Negating the Copula with değil

To say "X is [a noun/adjective]" Turkish glues a copular person ending straight onto the predicate: öğrenciyim "I am a student." To say the opposite — "X is not [a noun/adjective]" — you might expect the negative suffix -mA- that turns verbs into their negatives. That instinct is wrong, and unlearning it is the whole point of this page. Nominal and adjectival predicates are negated with a separate word, değil "not," and the person ending hops onto değil: öğrenci değilim "I am not a student."

The core rule: nouns and adjectives never take -mA-

The verbal negative suffix -mA- lives inside a verb: geliyorum "I am coming" → gelmiyorum "I am not coming." But a noun or adjective is not a verb, so it has nothing for -mA- to attach to.

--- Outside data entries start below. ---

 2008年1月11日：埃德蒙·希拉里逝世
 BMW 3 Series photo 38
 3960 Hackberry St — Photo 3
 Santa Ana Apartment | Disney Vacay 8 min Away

There is no such word as öğrencimem or hastamam. Instead Turkish reaches for the dedicated negator değil, an independent word that means, roughly, "(it) is not."

The structure is Subject + Predicate + değil + person-ending. The predicate itself stays completely bare — no suffix, no change — and değil does all the negating work.

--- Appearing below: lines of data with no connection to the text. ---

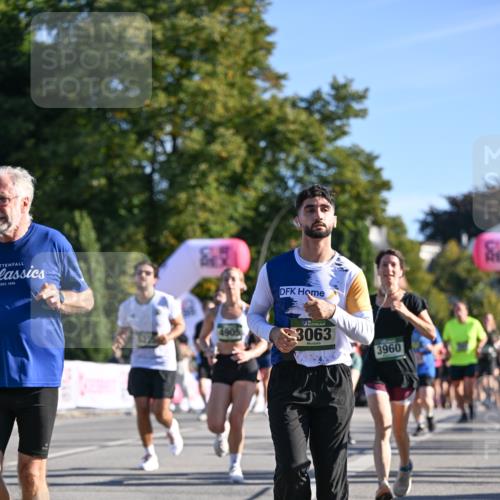 07.09.2025 - BARMER Alsterlauf Dr. Thomas Lammeyer http://msf.ph/oto/8711884 07.09.2025 09:40:32 Laufen 1996, 4905, 3063, 3960 meine-sportfotos.de
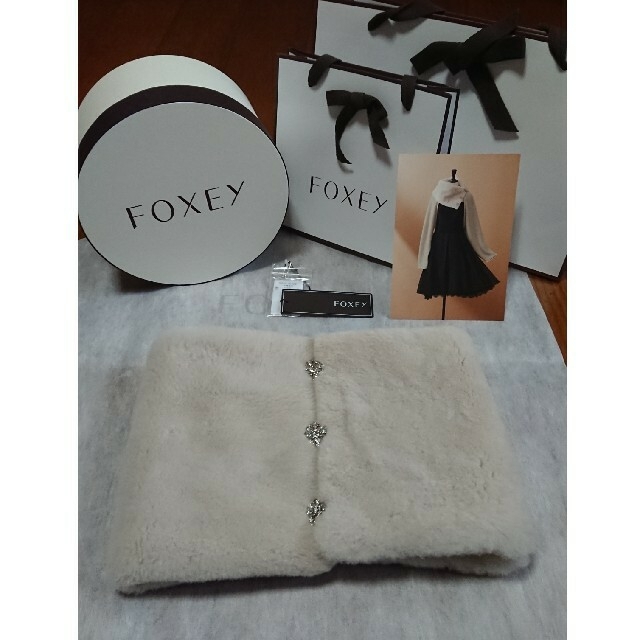 FOXEY(フォクシー)の✿ご専用✿【美品】FOXEY "Jewel Snood" オイスターベージュ レディースのファッション小物(スヌード)の商品写真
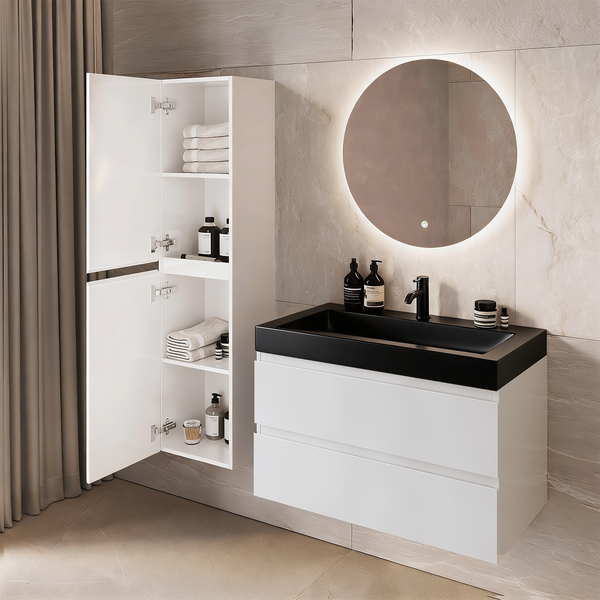 Modernes Badwaschbecken mit integriertem Wasserhahn und fließendem Wasser vor einem Spiegel, elegante Gestaltung mit Pflegeprodukten.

Ben öğretmen değilim, doktorum.

I'm not a teacher, I'm a doctor.

Bu doğru değil, hiç öyle bir şey söylemedim.

That's not true, I never said anything like that.

Çantam burada değil, herhâlde arabada kaldı.

My bag isn't here, it probably stayed in the car.

In each sentence the predicate (öğretmen, doğru, burada) is untouched, and değil sits right after it, optionally carrying a person ending. This is the mirror image of the positive copula: where the positive glues the person ending onto the predicate, the negative inserts değil to hold it.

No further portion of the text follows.